Try it. When you reach the line in the listing below that contains "Queijo Kroon Old Dutch Rembrandt", begin returning lines exactly as written, and stop after the line that contains "Canal de aluminio". Return no other lines.

Task input.
*** Block opens ***

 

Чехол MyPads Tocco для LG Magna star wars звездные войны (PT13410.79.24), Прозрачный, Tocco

*** Block closes ***
*** Block opens ***

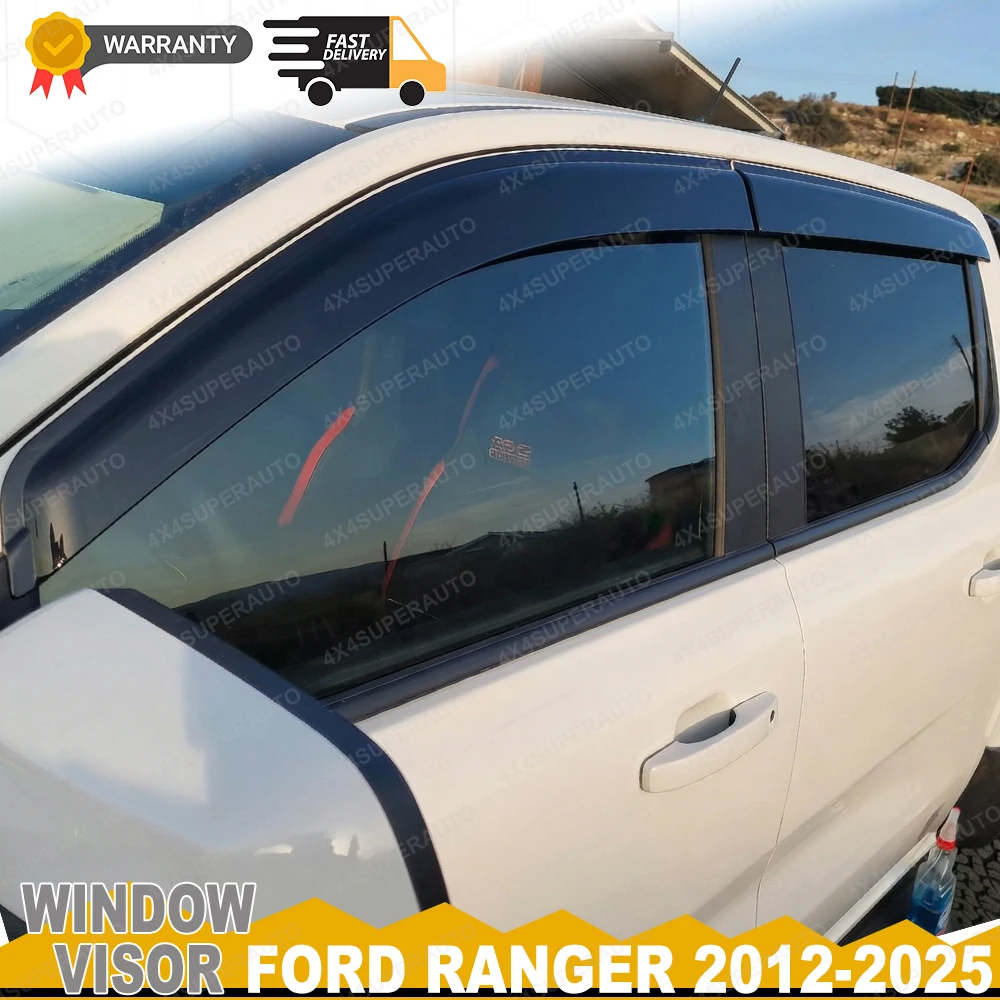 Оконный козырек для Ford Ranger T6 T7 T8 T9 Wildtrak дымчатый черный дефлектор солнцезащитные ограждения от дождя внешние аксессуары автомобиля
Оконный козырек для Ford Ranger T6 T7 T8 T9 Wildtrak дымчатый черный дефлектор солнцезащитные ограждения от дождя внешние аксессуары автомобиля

*** Block closes ***
*** Block opens ***

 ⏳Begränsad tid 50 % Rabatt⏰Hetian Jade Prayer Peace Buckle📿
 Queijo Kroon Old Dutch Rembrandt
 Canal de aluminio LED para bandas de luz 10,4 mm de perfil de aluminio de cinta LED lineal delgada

*** Block closes ***

Result.
 Queijo Kroon Old Dutch Rembrandt
 Canal de aluminio LED para bandas de luz 10,4 mm de perfil de aluminio de cinta LED lineal delgada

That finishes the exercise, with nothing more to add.